*MATERIAL FOR THIS EXERCISE*.

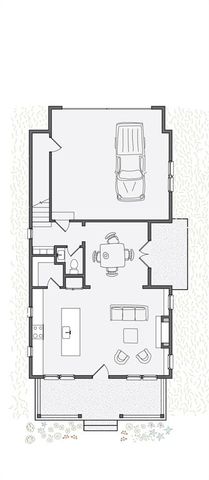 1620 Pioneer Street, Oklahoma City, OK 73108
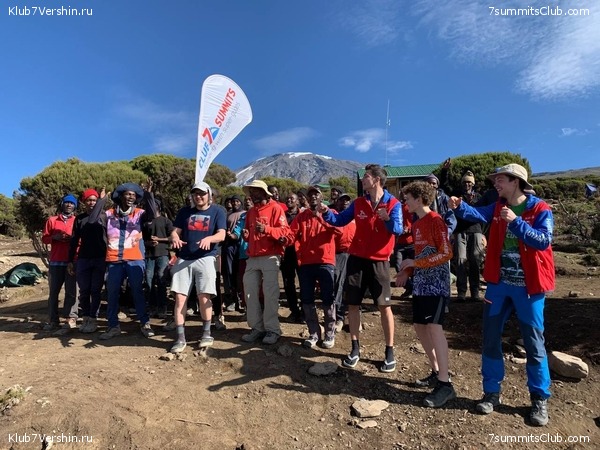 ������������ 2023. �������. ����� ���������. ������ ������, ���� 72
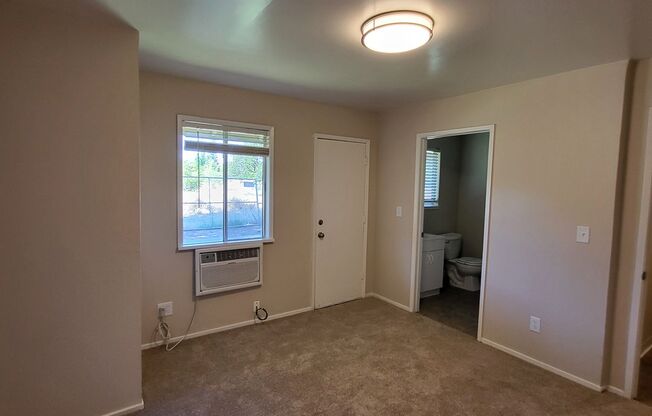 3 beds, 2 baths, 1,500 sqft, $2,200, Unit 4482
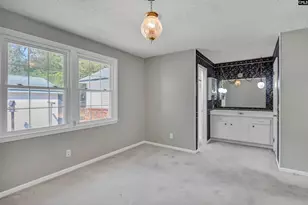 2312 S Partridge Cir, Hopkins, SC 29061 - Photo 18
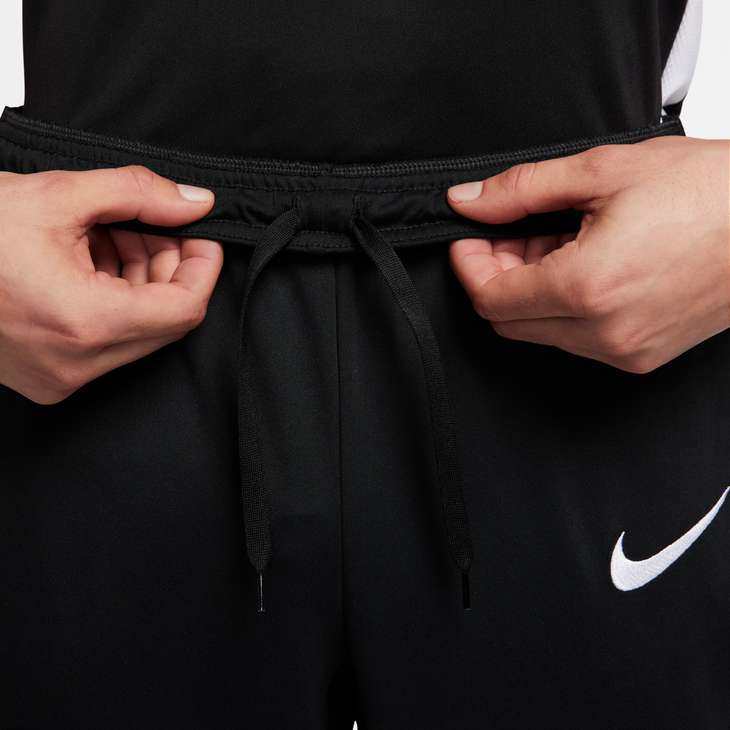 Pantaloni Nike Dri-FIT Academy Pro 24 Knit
...
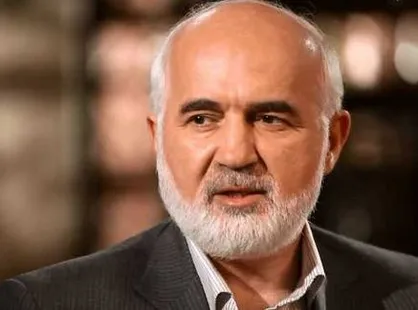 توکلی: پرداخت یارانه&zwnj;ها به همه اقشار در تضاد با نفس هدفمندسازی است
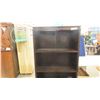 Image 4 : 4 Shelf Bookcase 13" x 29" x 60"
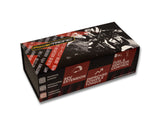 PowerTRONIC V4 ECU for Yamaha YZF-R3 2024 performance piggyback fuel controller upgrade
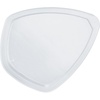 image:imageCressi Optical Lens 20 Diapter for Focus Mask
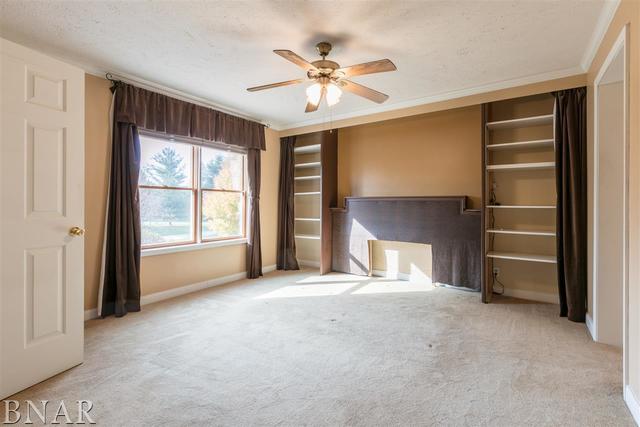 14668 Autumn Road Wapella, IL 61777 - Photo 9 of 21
---
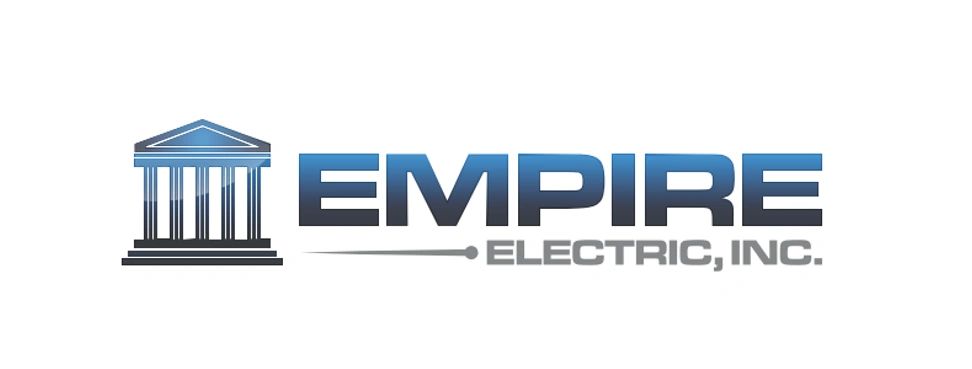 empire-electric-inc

*TASK PROMPT*. Nothing outside the stretch above, from the line with "2023. �������. ����� ���������. ������ ������, ���� 72" through the line with "Pantaloni Nike Dri-FIT Academy Pro 24 Knit", is set down. Transcribe that stretch exactly, ends included, but not its pictures.

*SOLUTION*.
 ������������ 2023. �������. ����� ���������. ������ ������, ���� 72
 3 beds, 2 baths, 1,500 sqft, $2,200, Unit 4482
 2312 S Partridge Cir, Hopkins, SC 29061 - Photo 18
 Pantaloni Nike Dri-FIT Academy Pro 24 Knit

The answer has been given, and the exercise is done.